In an uncommon step, Tesla has made public sales forecasts that suggest its 2025 deliveries will be lower than expected and sales in subsequent years will fall well below the ambitious targets previously outlined by its chief executive, Elon Musk.
The company included figures from market watchers in a new “consensus” section on its investor site, projecting it will report the delivery of 423,000 vehicles during the fourth quarter of 2025. This figure would represent a 16% decline from the corresponding quarter in 2024.
For the full year of 2025, estimates suggested total deliveries of 1.64m cars, down from the 1.79 million delivered in 2024. Outlooks then project a rise to 1.75m in 2026, reaching the 3m mark only by 2029.
This stands in stark contrast to statements made by Elon Musk, who told shareholders in November that the automaker was aiming to manufacture 4m vehicles annually by the close of 2027.
In spite of these anticipated delivery numbers, Tesla maintains a massive market valuation of $1.4 trillion, which makes it worth more than the next 30 carmakers.

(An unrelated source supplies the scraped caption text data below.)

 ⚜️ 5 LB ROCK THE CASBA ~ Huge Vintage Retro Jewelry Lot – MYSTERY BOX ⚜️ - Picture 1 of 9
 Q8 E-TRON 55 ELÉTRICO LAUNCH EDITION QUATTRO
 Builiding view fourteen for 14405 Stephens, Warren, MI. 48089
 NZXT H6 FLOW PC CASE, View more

This valuation is primarily fueled by shareholder expectations that the firm will become the global leader in autonomous vehicle tech and advanced robotics.
Yet, the automaker has faced a difficult year in terms of actual sales. Analysts point to multiple reasons, including shifting consumer sentiment and political controversies surrounding its high-profile CEO.

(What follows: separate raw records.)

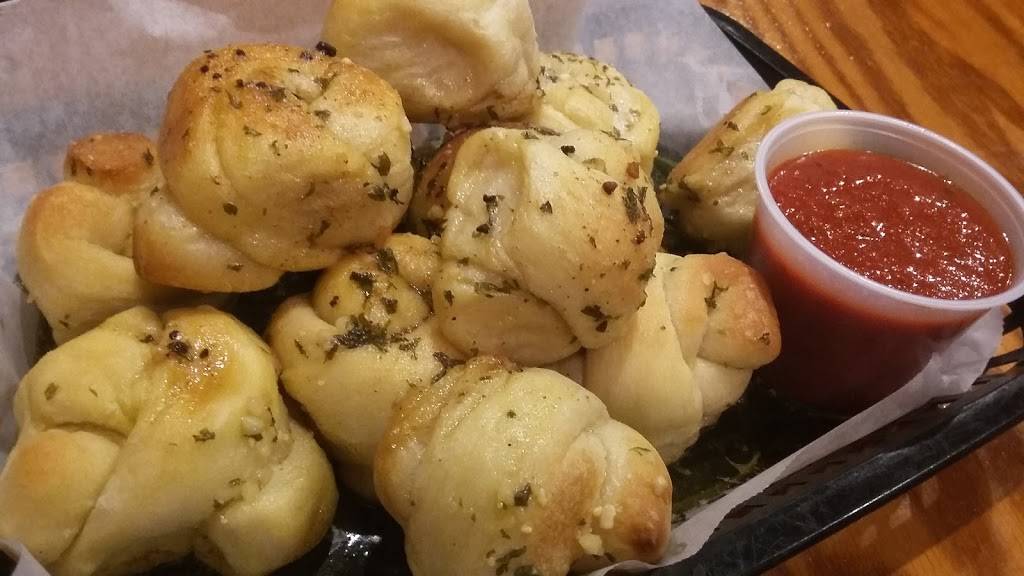 Pizza Villa & Restaurant | restaurant | 7038 Coastal Blvd, Brooksville, FL 34613, USA | 3525968956 OR +1 352-596-8956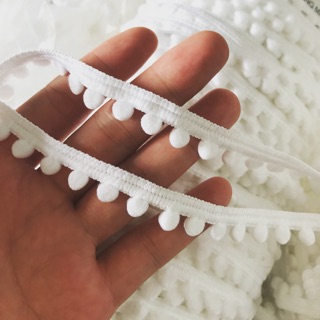 Cuộn dây pom pom trang trí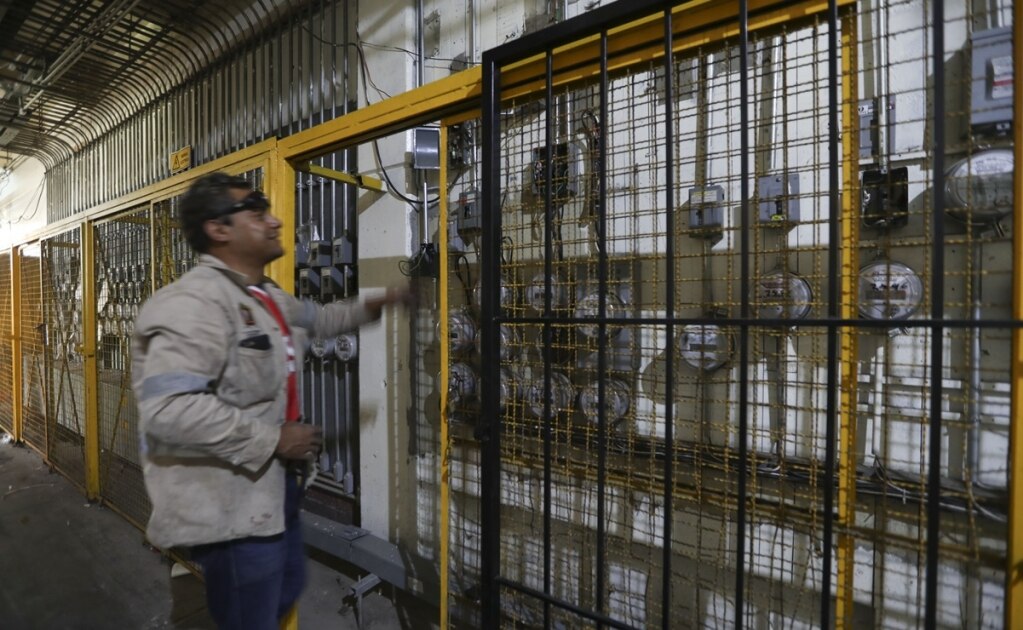 Pide López Obrador a tabasqueños dejar atrás la resistencia y que paguen la luz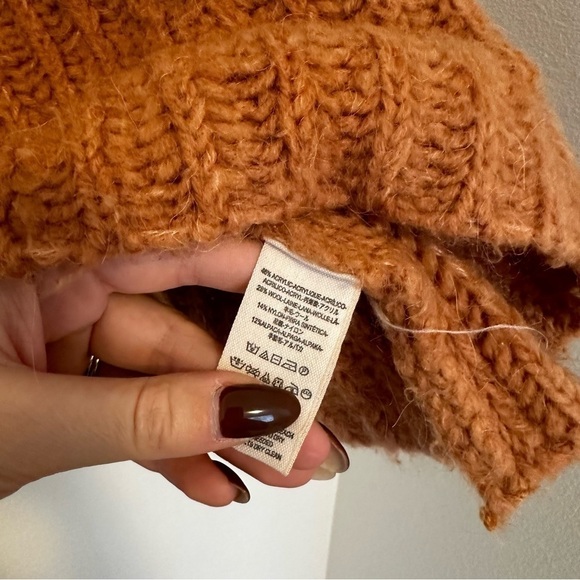 Free People Fluffy Fox Cowl Neck Sweater Papaya Brown Color Size M Women’s - Picture 11 of 11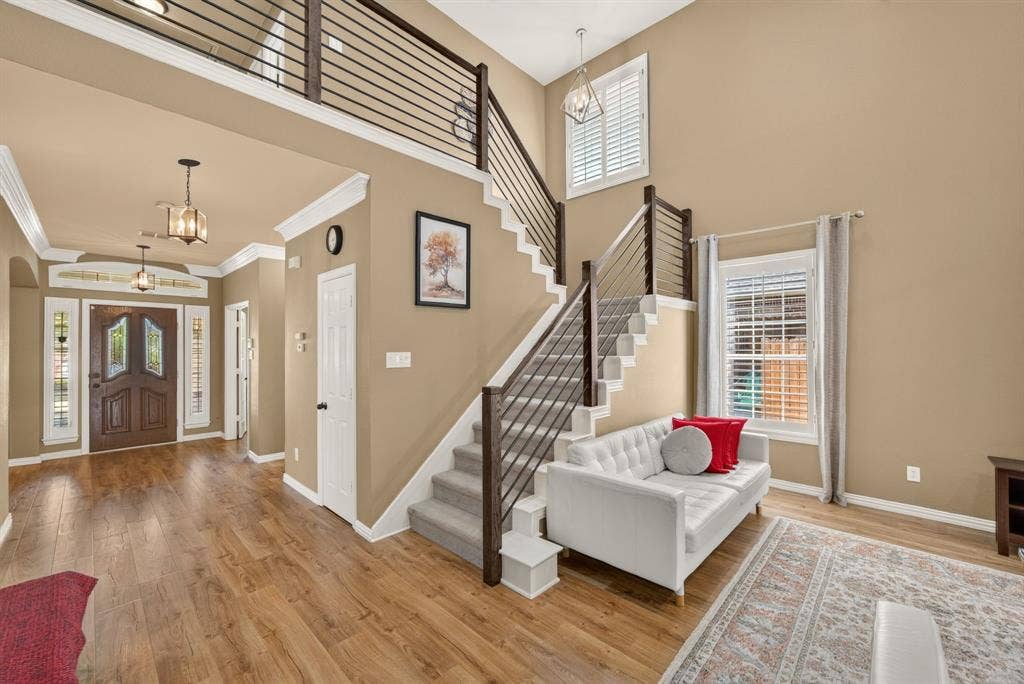 9817 Sota Grande Drive, Plano, TX 75025 9817 Sota Grande Drive, Plano, TX 75025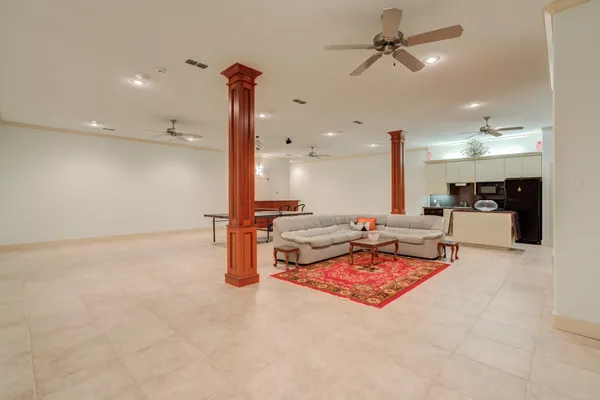 $1,098,000 | 1914 Aberdeen Avenue, Lubbock, TX 79407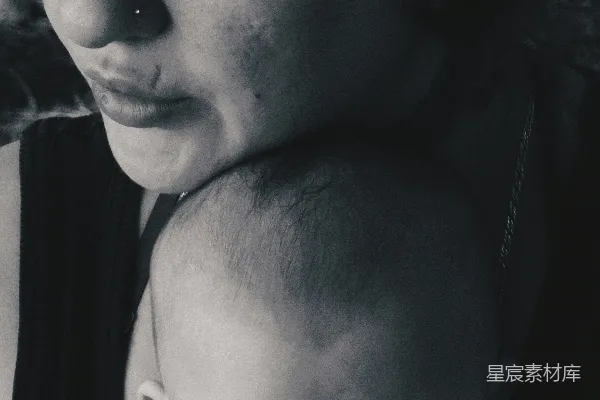 高清摄影 母亲抱着她的婴儿近在咫尺。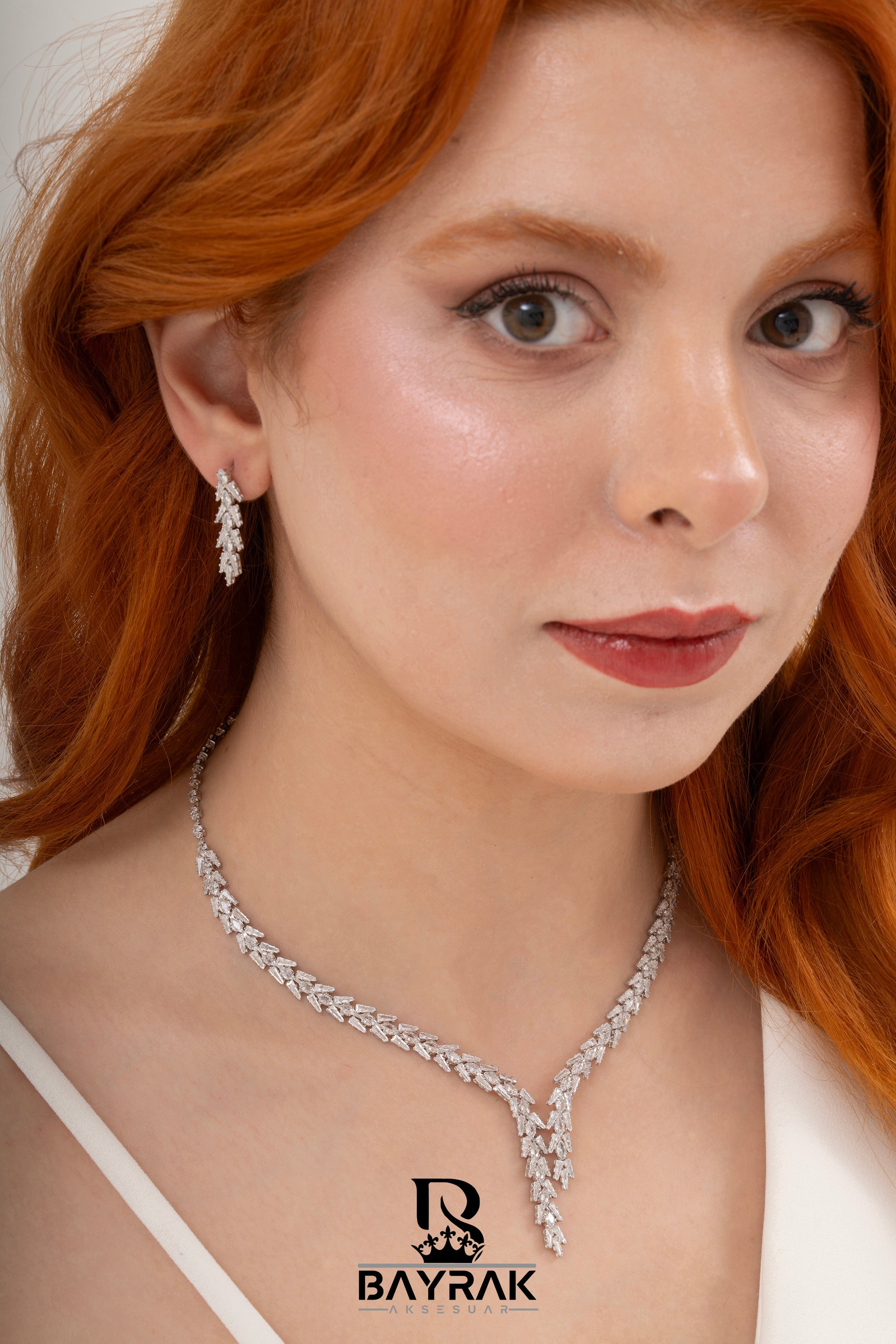 LB 2505 Crystal-Style Fashion Jewelry Set product photo 2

Last year, Elon Musk was the largest donor to the political campaign of former President Donald Trump and later launched an effort to cut government spending. This alliance eventually soured, resulting in the removal of key electric vehicle subsidies and supportive regulations by the federal government.
The projections released by Tesla this period are significantly lower than averages from other sources. As an example, an average of estimates by investment banks pointed to approximately 440,907 vehicles for the same quarter of 2025.

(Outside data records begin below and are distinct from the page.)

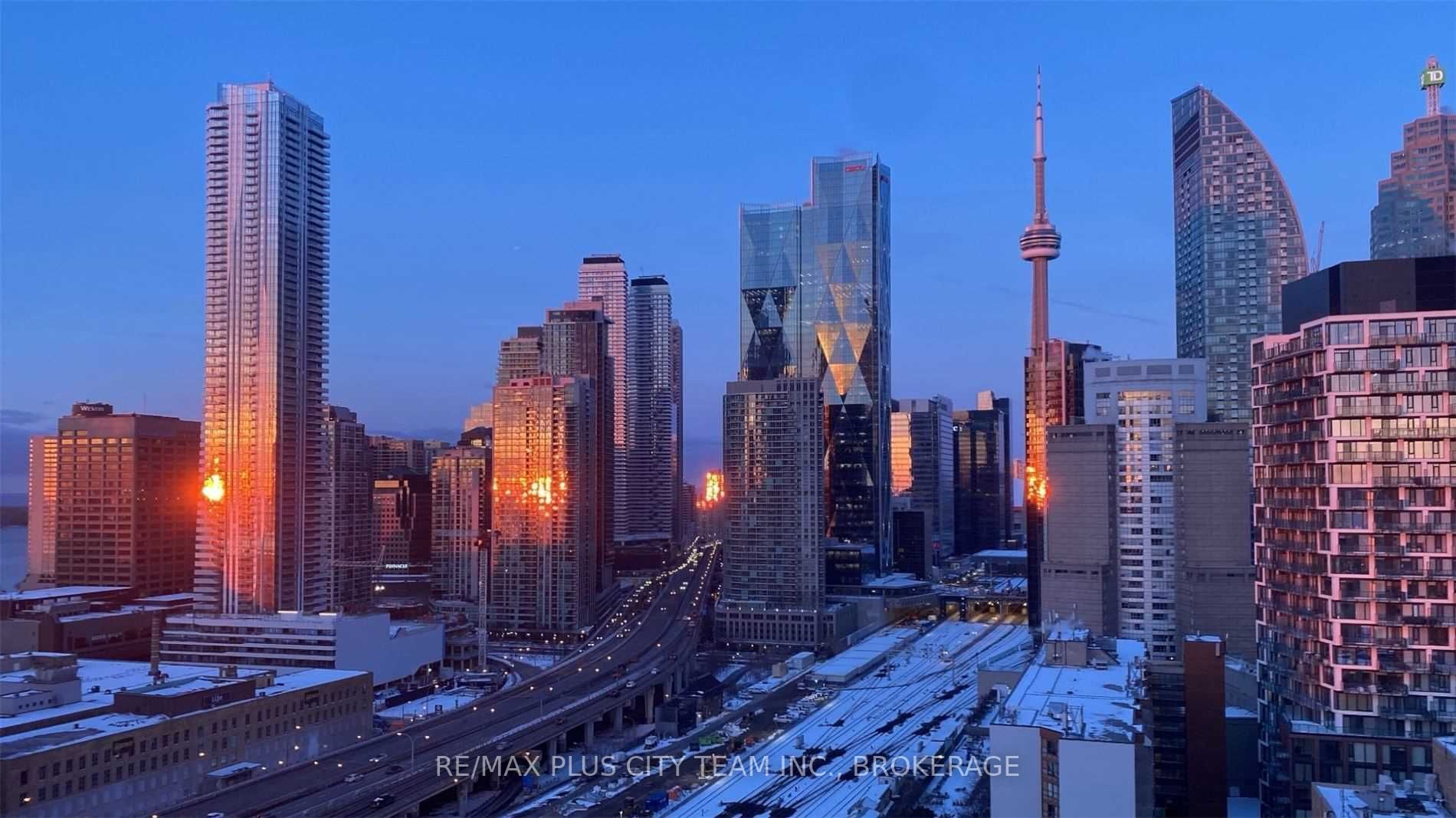Main Photo: 2203 1 Market Street in Toronto: Waterfront Communities C8 Condo for lease (Toronto C08)  : MLS®# C6047857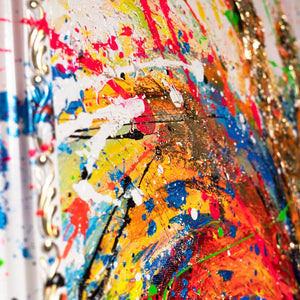 Bunte Spritzer im oberen Bereich des Bildes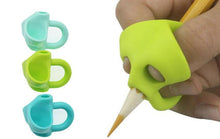 将图片加载到图库查看器，Two-Finger Pen Holder Silicone Baby Learning Writing Tool Correction Device Pencil Set Stationery 3 Piece Set Gift 2 Piece Fish
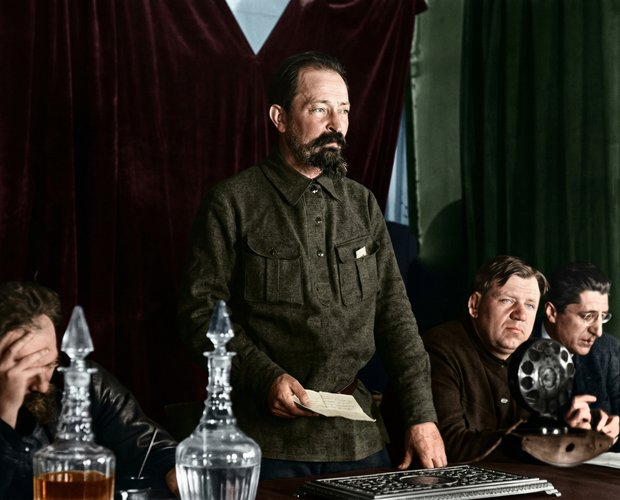 Последнее фото Дзержинского на пленуме незадолго до смерти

On Wall Street, hitting or falling short of these widely-held projections often has a direct impact on a company’s share price. A “miss” typically triggers a drop, while a “beat” can fuel a rally.
The disclosed long-term estimates for later years suggest a slower trajectory than previously envisioned. While the CEO discussed ramping up output by fifty percent by the end of 2026, the latest projections suggests the 3m car annual milestone will be attained in 2029.
This backdrop is especially relevant given that Tesla shareholders in November approved a enormous pay package for Elon Musk, valued at $1tn. Part of this award is contingent on the company reaching a goal of 20m total vehicles delivered. Moreover, half of those vehicles must have live subscriptions for its autonomous driving software for Musk to receive the complete award.